U.S. officials can use an emerging rift in Syria to push Turkey and Russia toward a divorce and renew U.S.-Turkish relations, said an analysis in conservative U.S. outlet The National Interest.
Turkish observation posts in and around Syria’s rebel-held Idlib province have in recent months come under fire from Russian-backed Syrian government forces, and Ankara’s appeals to Moscow have made little impact, Nicholas Morgan, an independent security analyst specialising in Russia and Turkey, wrote in National Interest on Sunday.
He said Moscow saw Turkey as not upholding its end of the ceasefire deal struck a year ago by failing to force out Idlib’s extremists, whose presence Syrian President Bashar Assad used as a pretext to violate the deal. Launched in late April, the Syrian offensive has driven some 500,000 Syrians toward the Turkish border, threatening another wave of refugees.
“The U.S should recognise how squeezed for options Turkey is as Russia pushes Idlib towards implosion. Amidst a weakening economy and increased coolness towards Syrian migrants, Idlib’s fall and the accompanying challenges represent an existential threat to Turkish stability,” said Morgan.
Moscow has condemned the U.S-Turkey deal to create a safe-zone in northeast Syria to curb tensions between Turkish forces and the Kurdish-led People’s Protection Units (YPG), seeing it as an infringement of Syria’s territorial sovereignty, according to Morgan.
He believes Moscow is repeating the kind of behaviour that led Turkey to seek Russian partnership in the first place: Turkey viewed the United States’ alliance with Kurdish militants against Islamic State (ISIS) as a betrayal of Turkish concerns because of ties between the YPG and the outlawed Kurdistan Workers’ Party (PKK).
By keeping the YPG away from Turkish forces, the United States can use the safe zone to restore trust with Ankara at the expense of Moscow, according to Morgan.
“If the deal to separate the YPG and Turkey endures, the U.S can afford to focus more on Idlib where its envoy to Syria Jim Jeffrey has testified that Turkish and American interests are more aligned,” said Morgan.
“A credible U.S. pledge to assist and protect Turkey from attack in Idlib could do much to curtail actions that risk wider confrontation, as well as encourage Russia to restrain Assad from targeting Turkish positions,” he said, adding that the United States could also help Turkey target Idlib’s extremists, led by al-Qaeda-linked Hayat Tahrir al-Sham (HTS).

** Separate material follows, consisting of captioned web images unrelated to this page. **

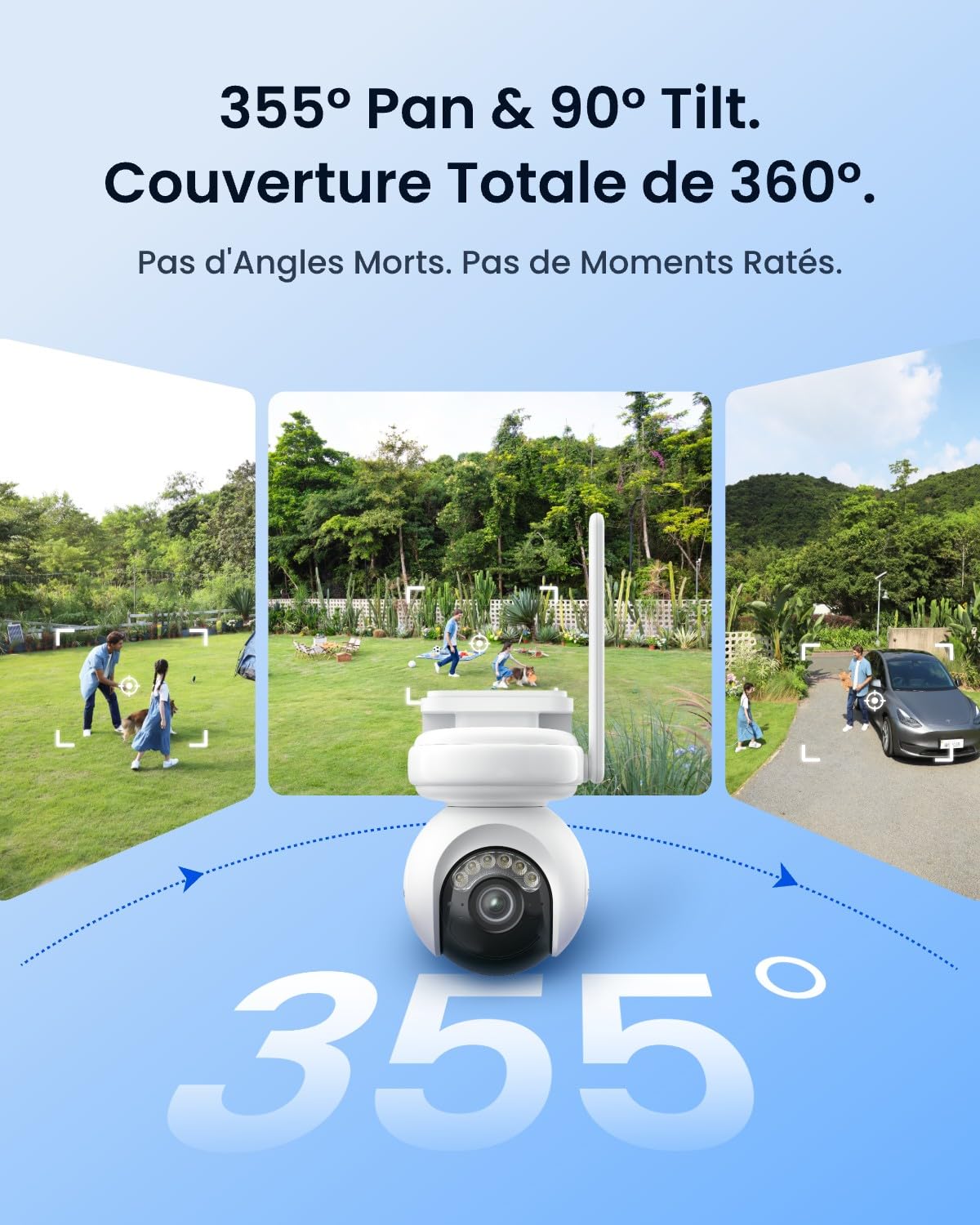 Reolink 4K PT Camera Surveillance WiFi Exterieure sans Fil, Pré-Enregistrement, Détection Intelligente, 360° Suivi Auto, ColorX Vision Nocturne, Batterie Haute Capacité, Altas PT Ultra+Panneau Solaire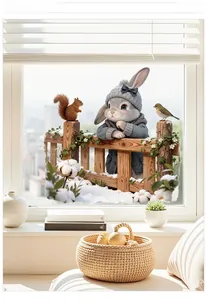 Close-up of 3D bunny and squirrel window cling with snowy fence and cotton flowers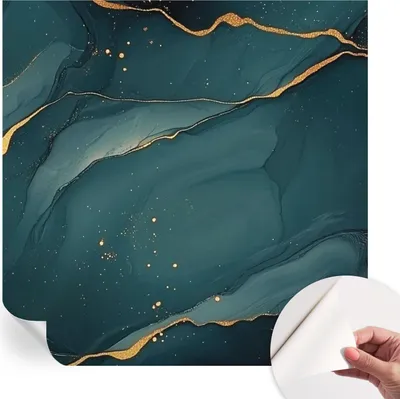 Produktbild von Selbstklebende Wandtapete - Dekorative Tapete für Wohnzimmer - Klebefolie für Wandbilder - Tapetenfolie für Wanddekoration - 250x250 cm - Dunkelblaue Abstraktion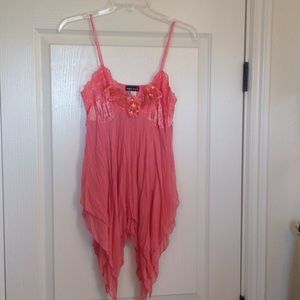Wet seal lace, chiffon and satin flowy tank top
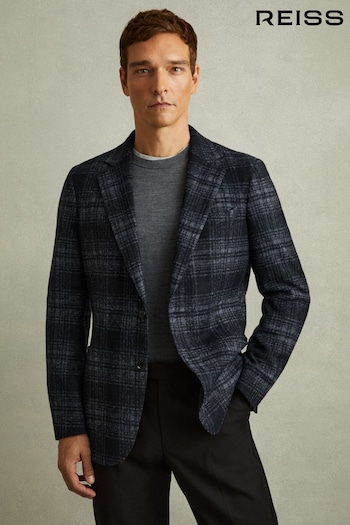Reiss Navy Granite Single Breasted Checked Blazer with Wool (E45180) | £328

A key concern is that the Syrian offensive could drive these fighters toward and even into Turkey, according to Morgan, and the United States could help Turkey fulfil its ceasefire commitment.
U.S officials have called Idlib rebel forces the world’s largest collection of al-Qaeda linked factions and conducted strikes to curb this threat, according to Morgan.
“Both can engage in sharing information related to these groups to better enable Turkey or its proxies to dismantle or remove the group’s most dangerous elements on the ground,” said Morgan.
“While it does not clear the way of all of the tension that exists between the two,” he said, “providing aid to Turkey in an hour of desperation can do much to win new influence in Syria’s aftermath and wrench Turkey further away from Russia.”